Your goal:
Every line of the listing below is to be repeated exactly; the pictures stay out.

──────── Source records

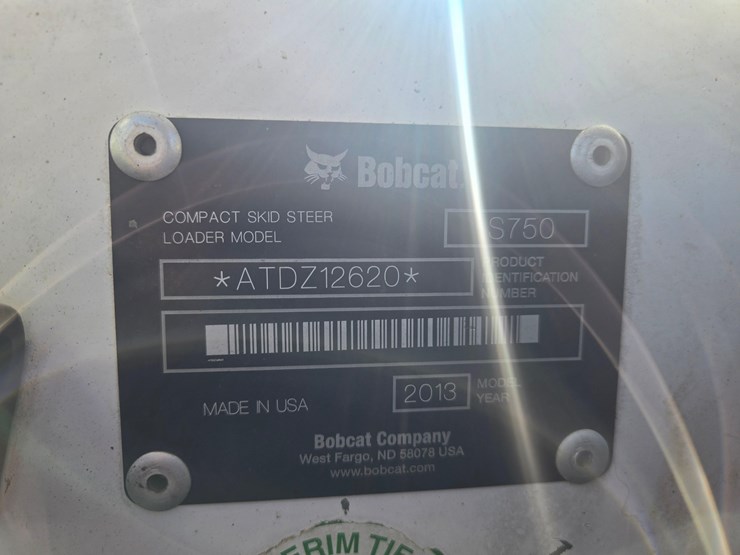 2013-bobcat-s750-image-14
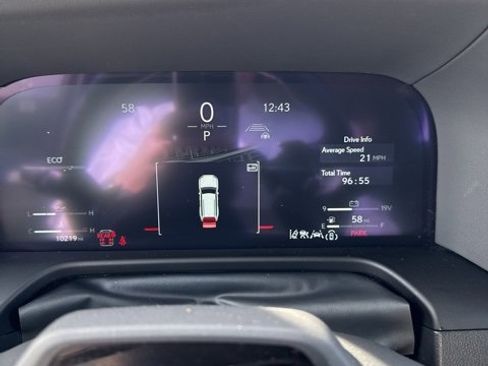 Used 2024 Lexus GX 550 image 4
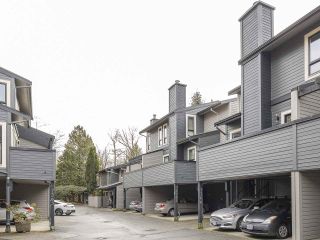 Photo 2: 7366 PINNACLE Court in Vancouver: Champlain Heights Townhouse for sale in "Parklane" (Vancouver East)  : MLS®# R2542021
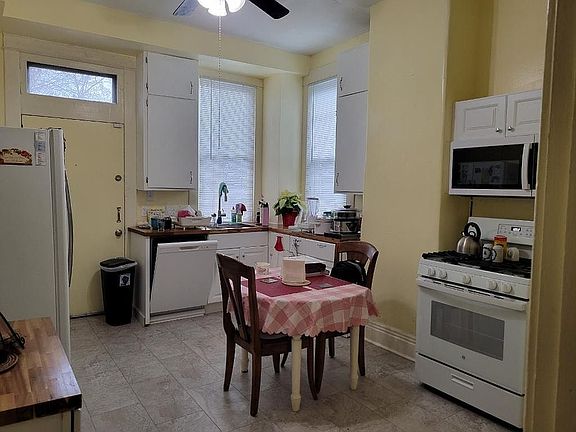 2nd image of 119 S 41st St
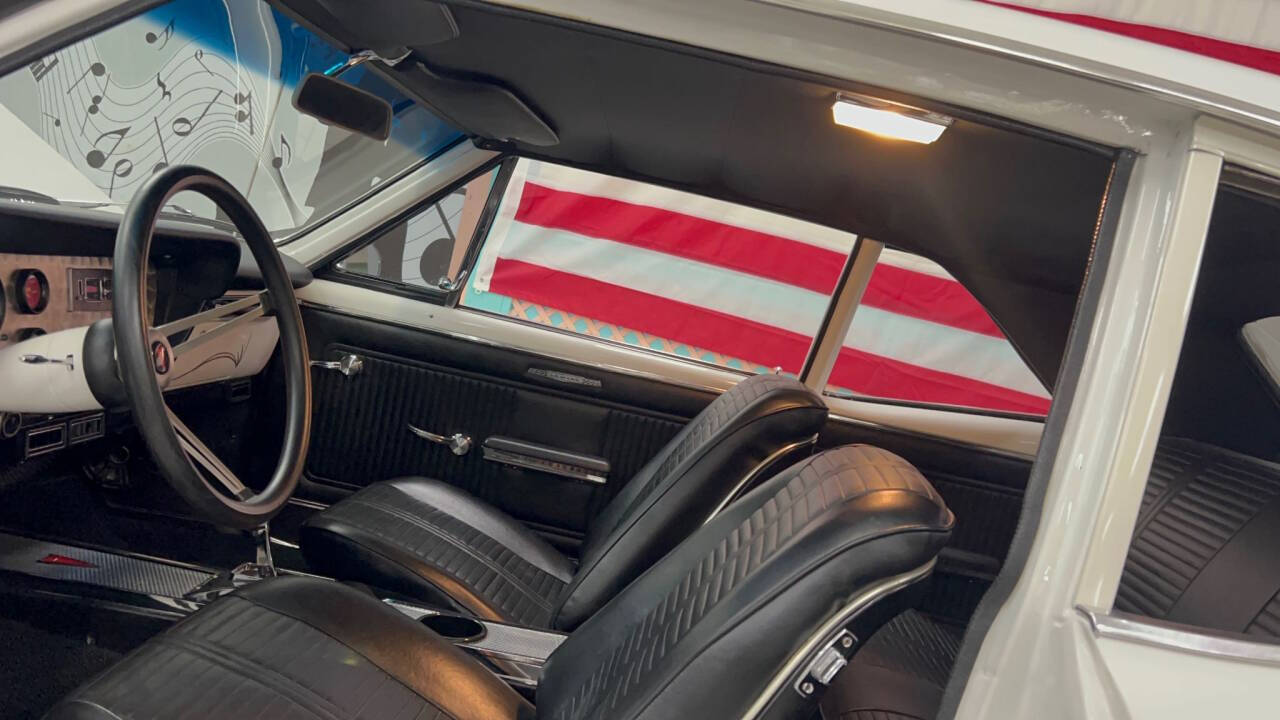 1966 Pontiac LeMans 35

────────────────

Task result:
 2013-bobcat-s750-image-14
 Used 2024 Lexus GX 550 image 4
 Photo 2: 7366 PINNACLE Court in Vancouver: Champlain Heights Townhouse for sale in "Parklane" (Vancouver East)  : MLS®# R2542021
 2nd image of 119 S 41st St
 1966 Pontiac LeMans 35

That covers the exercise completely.